Sumana BhlapibulLead IT/Data Consultant
"It is nice to be important but it is more important to be nice." ~John Templeton
In March 2018, a friend who worked at Microsoft sent me information about “Azure Academy for Women – Data Science”. Though I did not intend to get back in the job market, I follow technology, especially those that improve quality of life. I did not recall stumbling across the term ‘Data Science’.
I wanted to show to the world that women are very capable.
I was enjoying my life with as little to do with the computer as possible. I was dreading the thought of having to sit long hours in front of one. But I wanted to broaden my horizons. And I wanted to show to the world that women are very capable. So, I decided to enroll in the program.
During the program, it felt like I was shot to the moon with those new tools (nerd toys) and capabilities. Some tasks that I would spend days developing code for were now possible with a few lines of code or drag and drop a few times.
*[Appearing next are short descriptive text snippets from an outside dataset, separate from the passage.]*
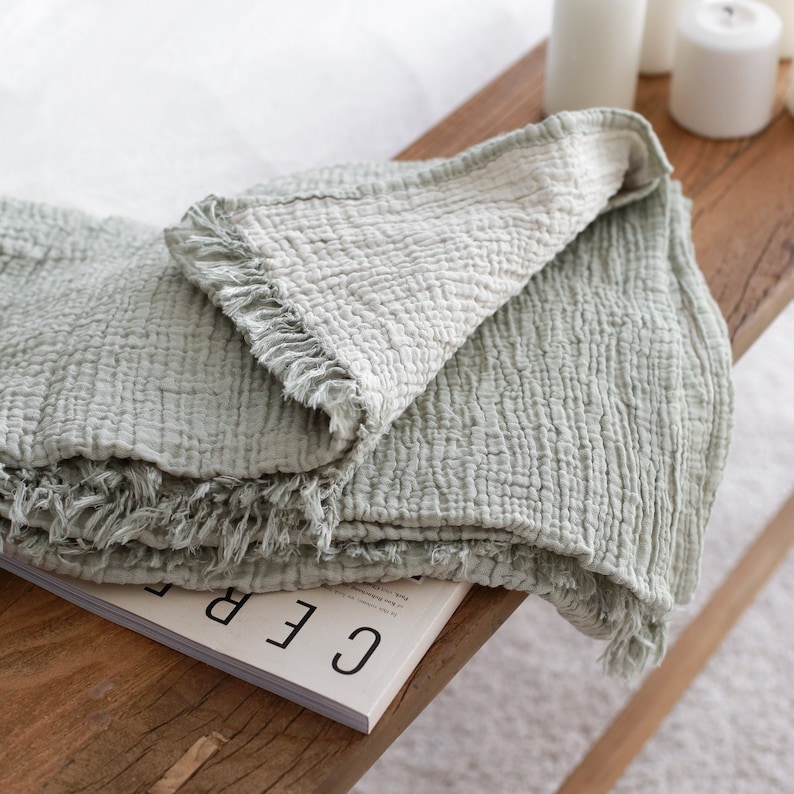 Muslin Bed Cover Queen, Oversize King Bedspread, Soft Muslin Bed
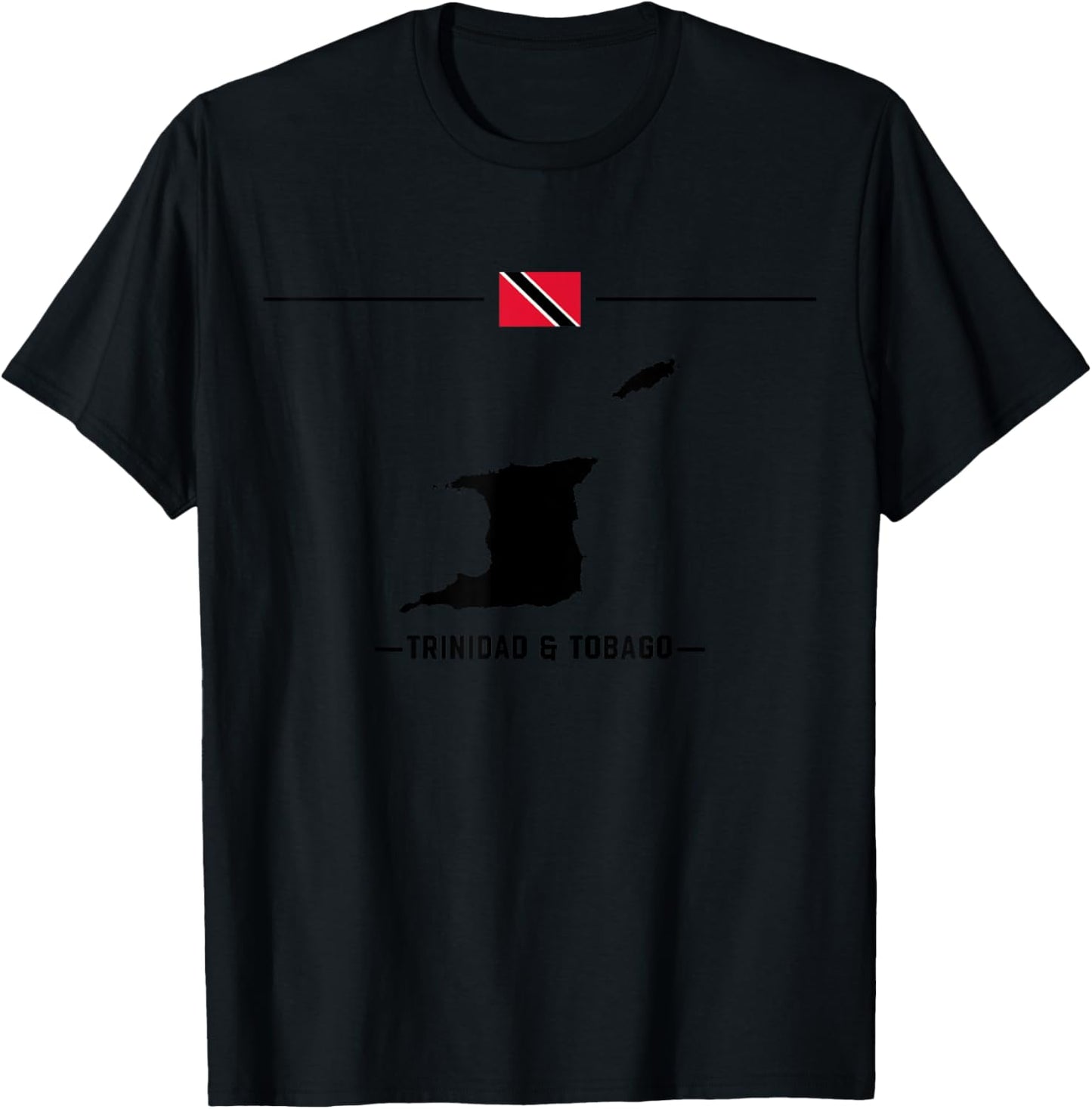 Trinidadian flag, map & country name of the Trinidad &Tobago T-Shirt - T-Shirt | Black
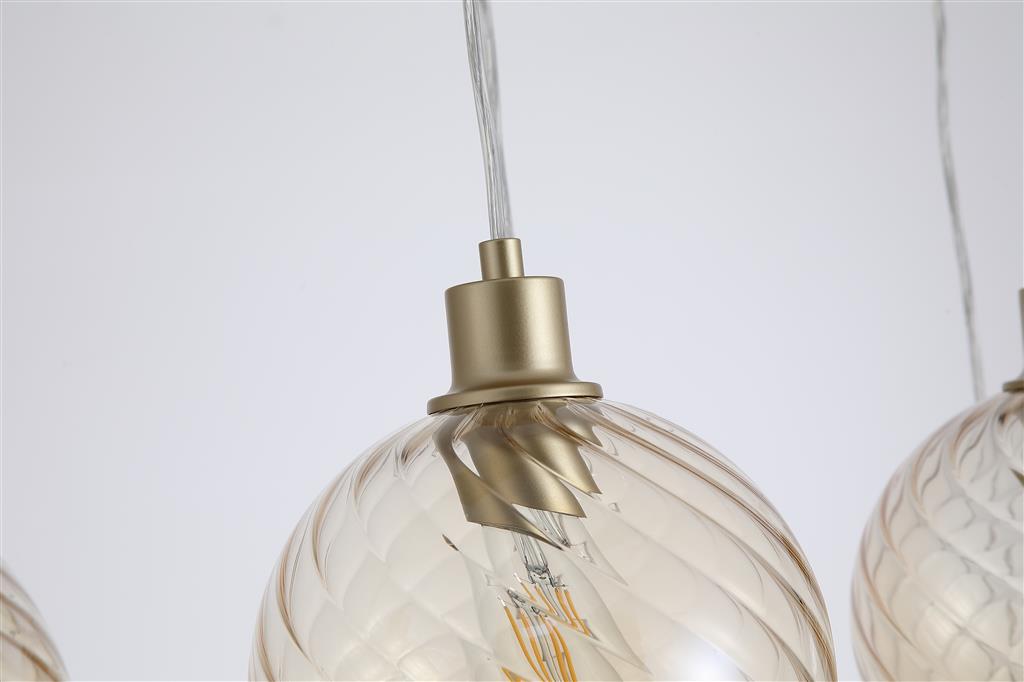 Radiance 95cm Gold hängelampe Von Searchlight - Die Schirme h&auml;ngen an einer goldfarbenen Deckenplatte und sorgen so f&uuml;r eine stilvolle und elegante Optik.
Before I also shoot you up in space, let me first share what I discovered on my Data Science Journey.
"Data Science" Program
The program is constructed in the way that you will be equipped with basic skills to tell a story with data. I was exposed to and learned hands on:
- Methodology to gather/collect, query/extract, transform/restructure, interpret/analyze and visualize Data
- Using Tools like Excel, PowerBI, Jupyter notebook, Python, R
- Process to build predictive solution with Machine Learning in Azure
By the way, I did not have the “Ethics and Law in Data Analytics” and “Analytics Story Telling for Impact” in our curriculum. I can see why Microsoft added them later. They are highly relevant. They resonate with me. I recalled reading a case where a person was sent to jail based on probability of A given B but later was acquitted based on the probability of B given A. Being a subject matter expert could put one in a powerful position. Spiderman's "With great power comes great responsibility" quote flashed through my mind.
The process that I went through, in order to be able to learn to tell stories with data, can be divided into four parts. They are:
- The first rule of engagement: “go get the data”.
I was exposed to hands-on labs that required me to query data from a relational database using T-SQL or extract data from spreadsheet or CSV format by using tools like Excel, PowerBI, Jupyter notebook, Python, R
- Second step: “data being there does not necessarily mean it is trustworthy, usable or even relevant.”
In order to “make data trustworthy and usable”, I had to determine if the data was sufficient e.g. it had enough data points or was of a good quality (i.e. not just precise but must be accurate). I worked through the process of how to deal with missing values, duplicate entry and outliers. I used descriptive statistics e.g. sum, average, standard deviation, skewness, distribution to get to know the characteristics of the data.
- Third step: “show what you want to tell using data and charts”
I produced all kind of graphs e.g. pie, bar, histogram, line, box plot, scatter chart using tools I used to extract data in from part a. Up until this step, I was within the “basic data analysis” scope.
- Fourth step: “use data to build a predictive solution”
It is here that I stepped into “advanced data analysis” where I built predictive solutions with Machine Learning in Azure.
The Learning Process
How I went through this program was no less interesting. It is an intensive self-study with many hours of listening. The study must be done in 3 months which included additional reading (and Google search) to help me get through hands on labs and graded quiz/exam. After 3 months with all exams passed (minimum score of 70% required), I would be entitled to take the grand data science exam, the “Capstone”. So, time was of the essence.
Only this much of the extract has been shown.